The Effect of TiO2 as a Pigment in a Polyurethane/Polysiloxane Hybrid Coating/Aluminum Interface Based on Damage Evolution
The effect of titanium oxide as an additive on the performance of a polyurethane/polysiloxane hybrid coating was characterized by an electrochemical approach. The performance evolution was quantified by exposing the hybrid coating on an aluminum substrate to NaCl solution at pH 5 over time. Real-time measurements were performed to quantify and correlate the mechanisms that occur at the coating/substrate interface. Electrochemical impedance spectroscopy (EIS) quantified the hybrid coating/substrate interface performance over the course of the 263 days of exposure, and electrically passive elements described and characterized the degradation/performance stages upon exposure to the acidic NaCl solution.

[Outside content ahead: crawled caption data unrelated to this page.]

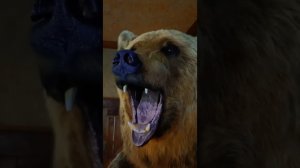 Оздоровительный комплекс  «Ахты»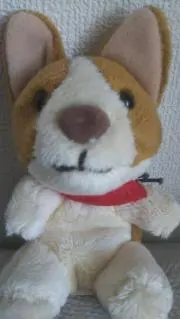 ながいぬい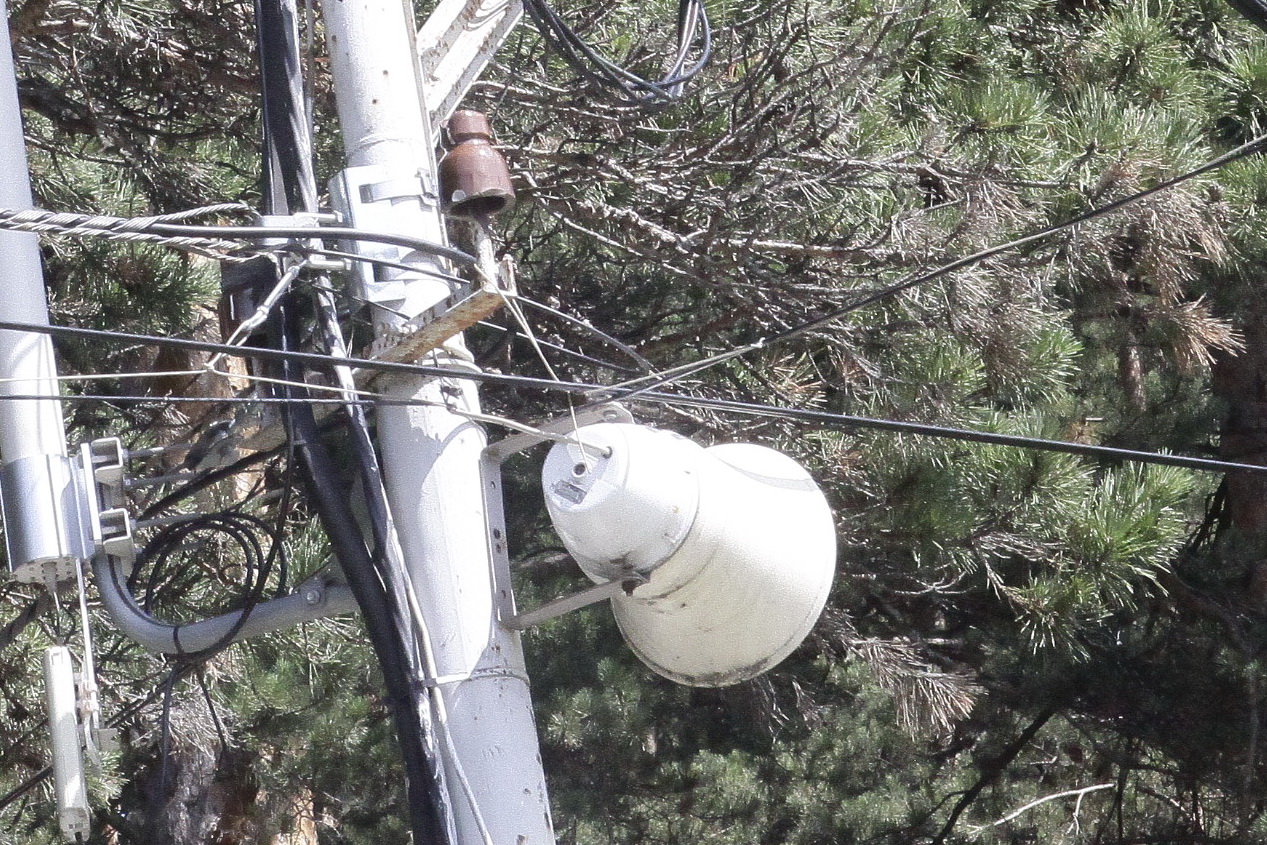 Сирены завоют, телепередачи прервутся 4 марта в Новосибирской области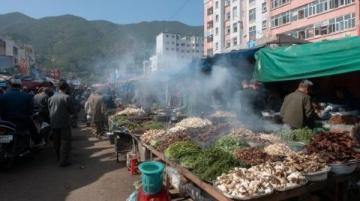 五一贵阳之行:人潮中的美食探索与交通印象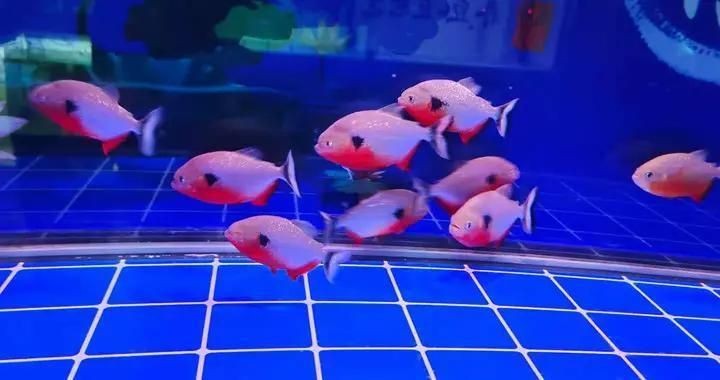 魚(yú)缸有不用換水的嗎圖片欣賞，生態(tài)魚(yú)缸內(nèi)部結(jié)構(gòu)圖解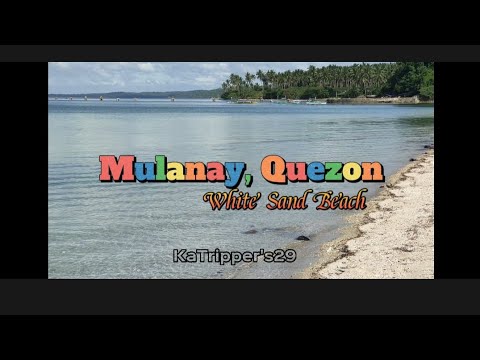 Not Available 💥Mulanay, Quezon White Sand Beach LOT / FREE TITLING‼️ LOT SURVEY ‼️ DEED OF SALE‼️.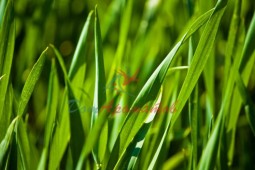 ЦИС-3 гексинилацетат 5мл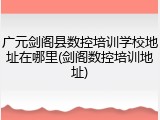 广元剑阁县数控培训学校地址在哪里(剑阁数控培训地址)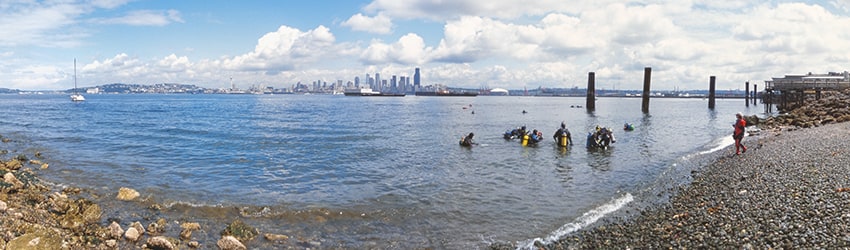 Seacrest Park Cove, West Seattle WA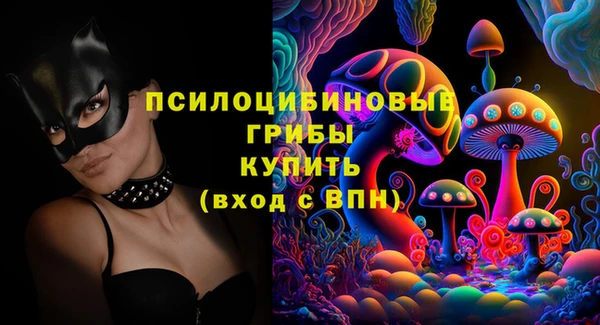 прущая мука Тында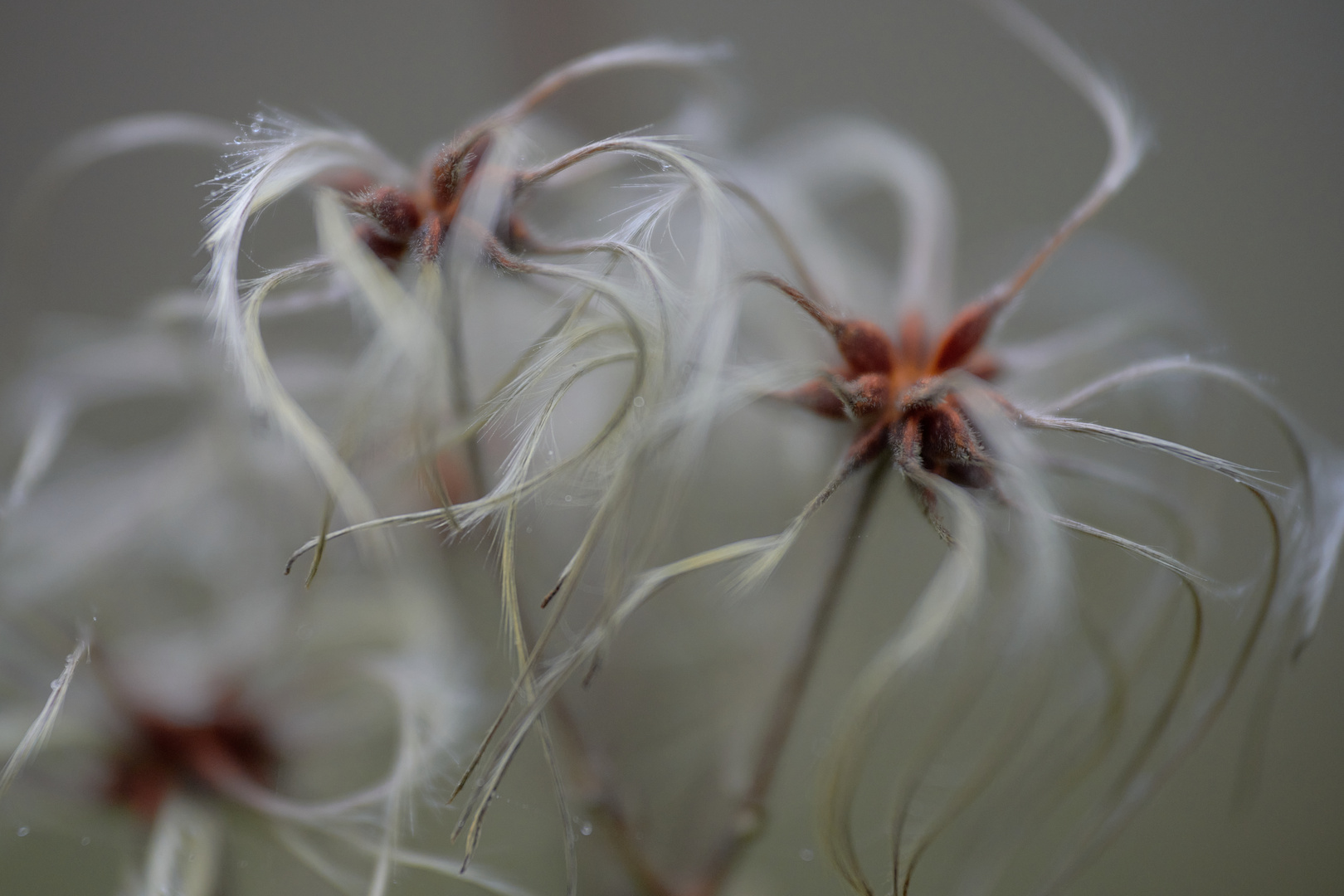 Clematis im November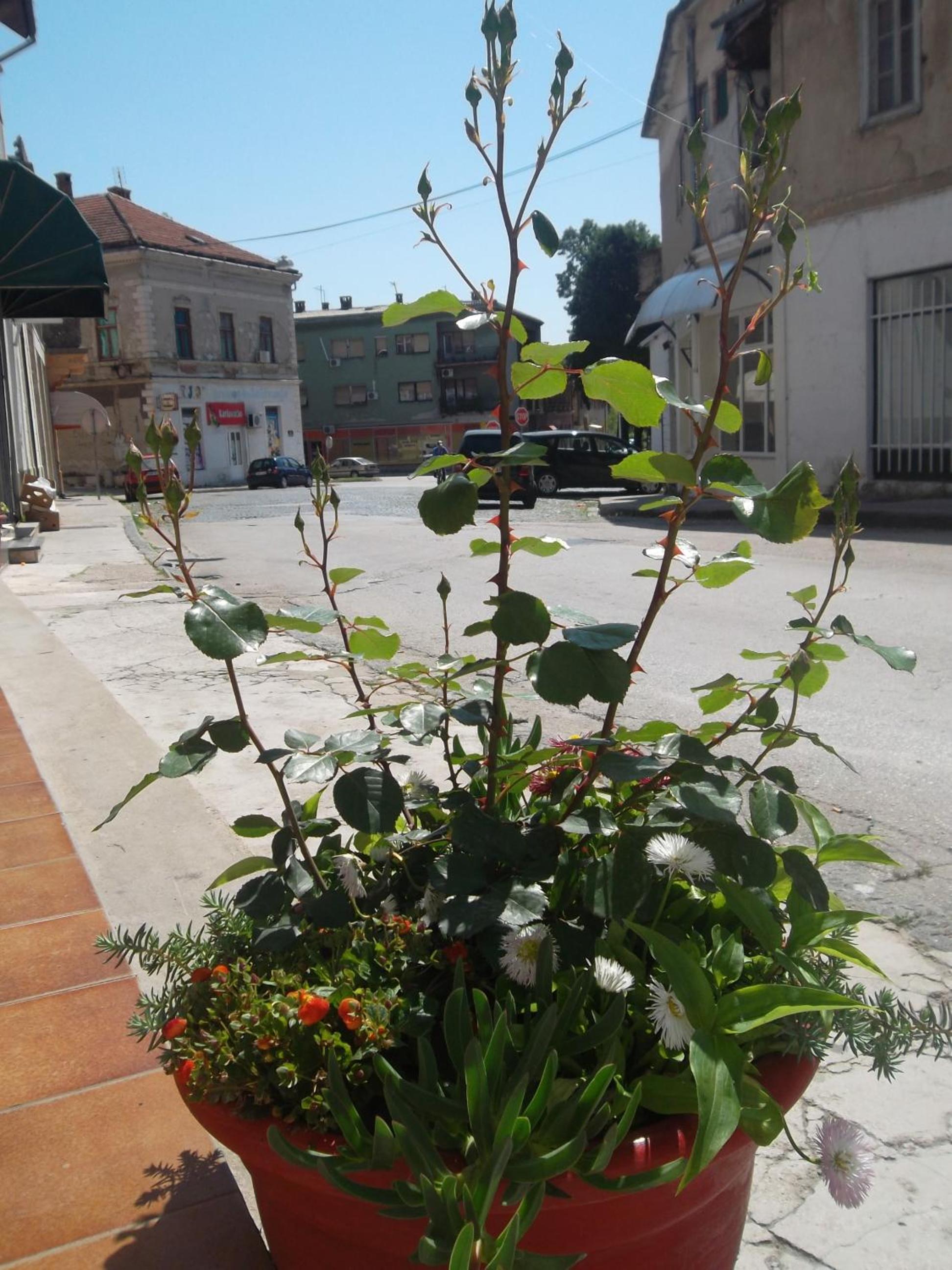 garden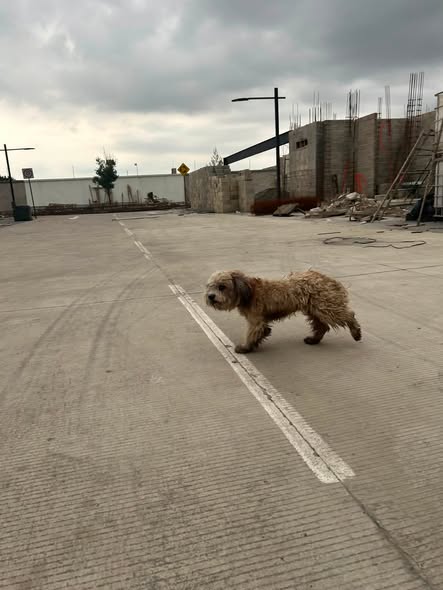 Dog sighting photo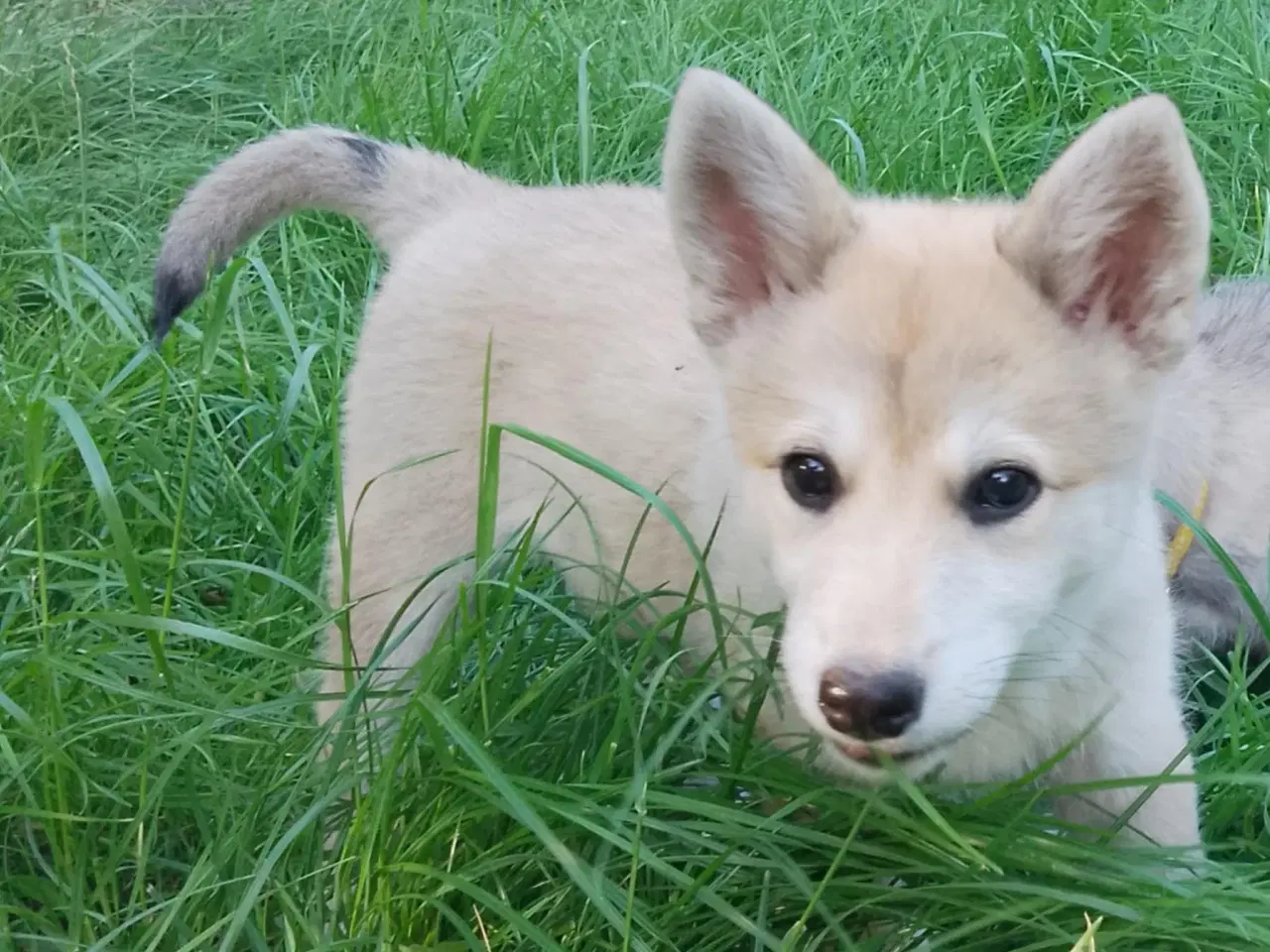 Billede 6 - Husky blandinger 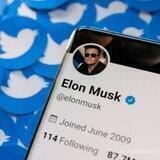 Elon Tweet by @UnknownApes
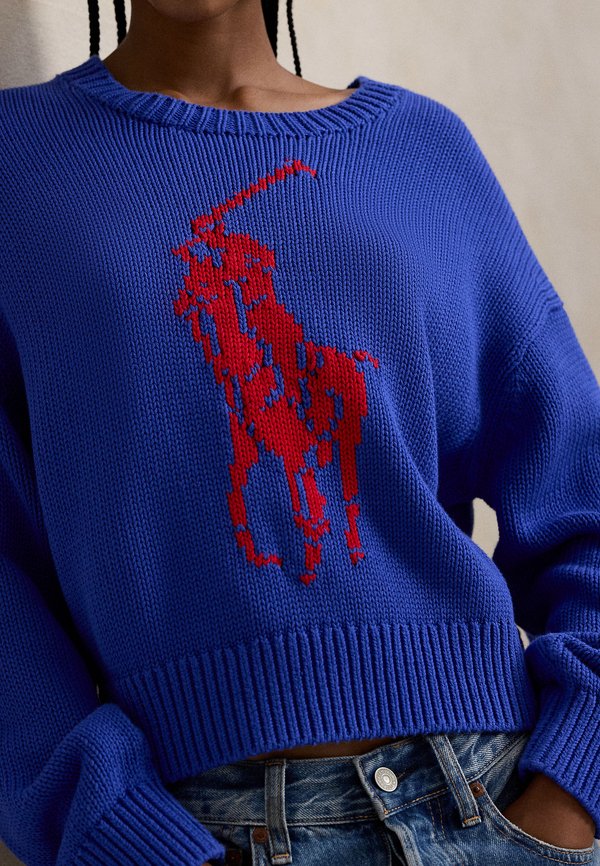 Polo Ralph Lauren BIG PONY COTTON CREWNECK SWEATER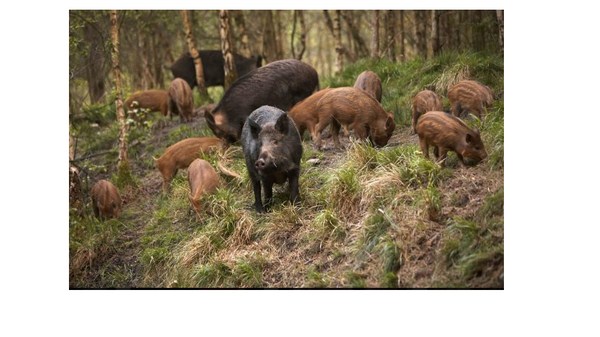 mua-lon-rung-nguyen-con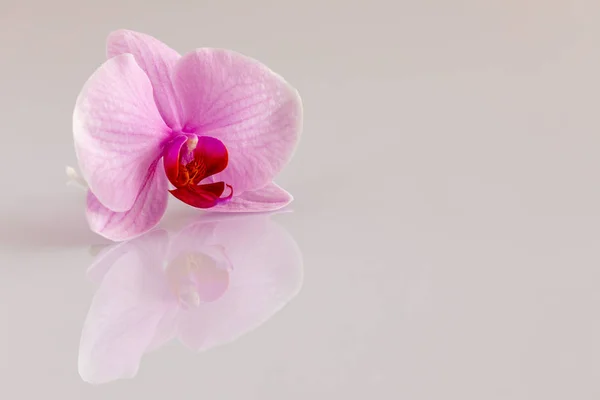 Орхидея Белом Фоне — стоковое фото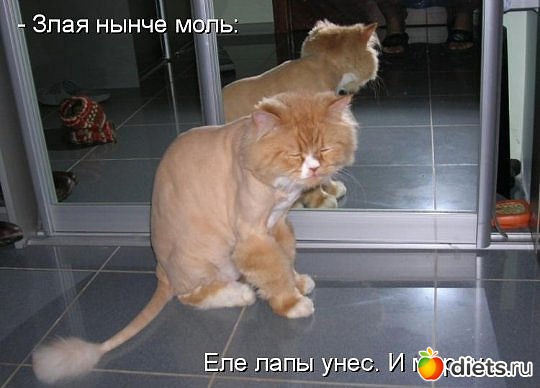 ������ � ��.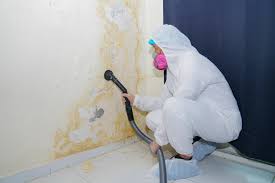 Why You Should Choose Our Mold Remediation Services in Fairfax, CA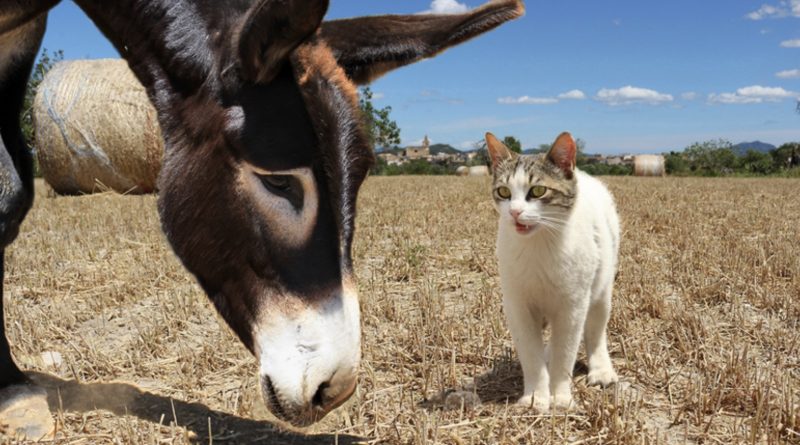 Una burra salvó la vida de un gatito callejero y casi se convirtió en su madre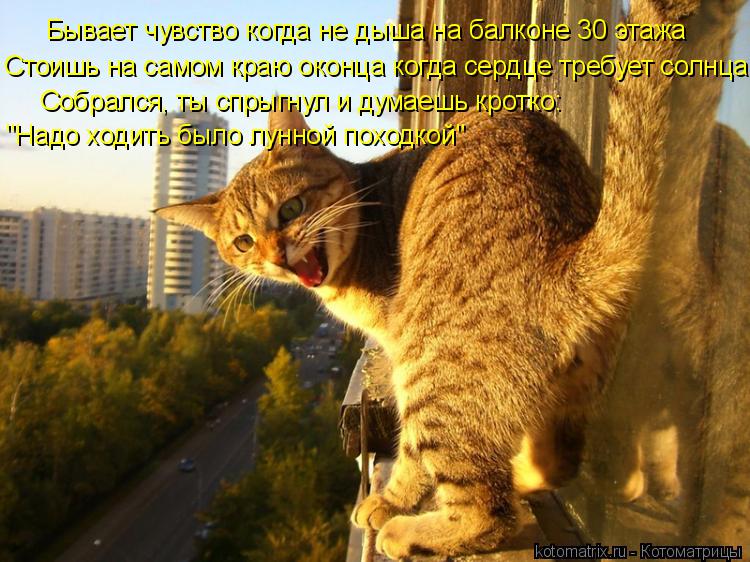 Котоматрица: Бывает чувство когда не дыша на балконе 30 этажа Стоишь на самом краю оконца когда сердце требует солнца Собрался, ты спрыгнул и думаешь кро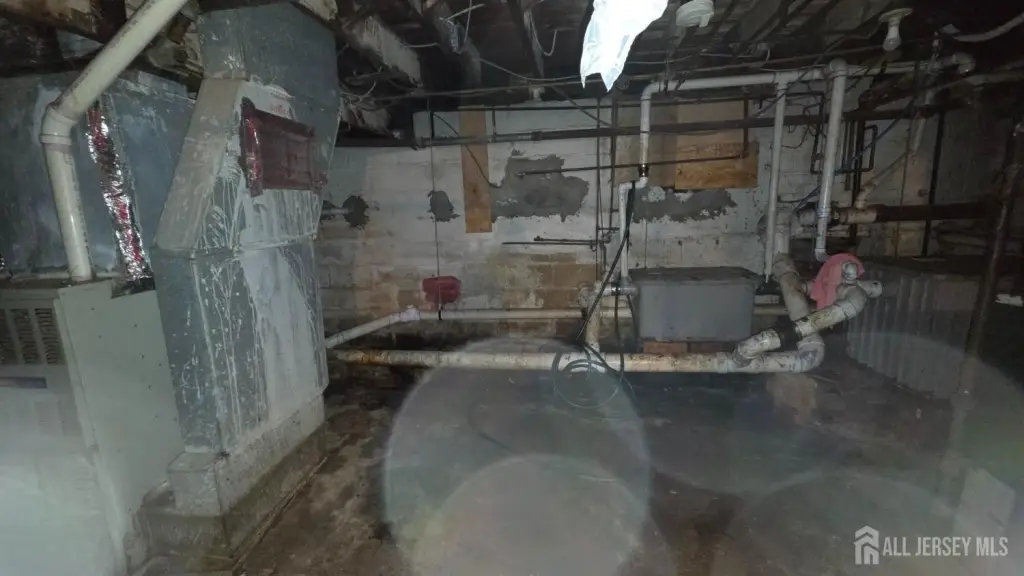 Picture 28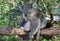 Koala sitting on the branch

The addition of TiO2 produced hydrophobicity functionality, and TiO2 acted as a physical barrier layer that influenced the initial damage stage. Different exposure times were associated the different stages of damage evolution for the hybrid coating and coating/substrate interfaces. Electrochemical testing with high-resolution techniques such as AFM (atomic force microscope) and IFM (infinite focus microscope) characterized the coating surface and the interface performance and resolved the surface and defect formation observed with different levels of TiO2 content. Of the systems tested, the system with 10 wt% TiO2 provided the best corrosion inhibition.
Progress in Organic Coatings
Maya-Visuet, Enrique; Gao, Tongzhai; Soucek, Mark; and Castaneda, Homero, "The Effect of TiO2 as a Pigment in a Polyurethane/Polysiloxane Hybrid Coating/Aluminum Interface Based on Damage Evolution" (2015). Polymer Engineering Faculty Research. 2338.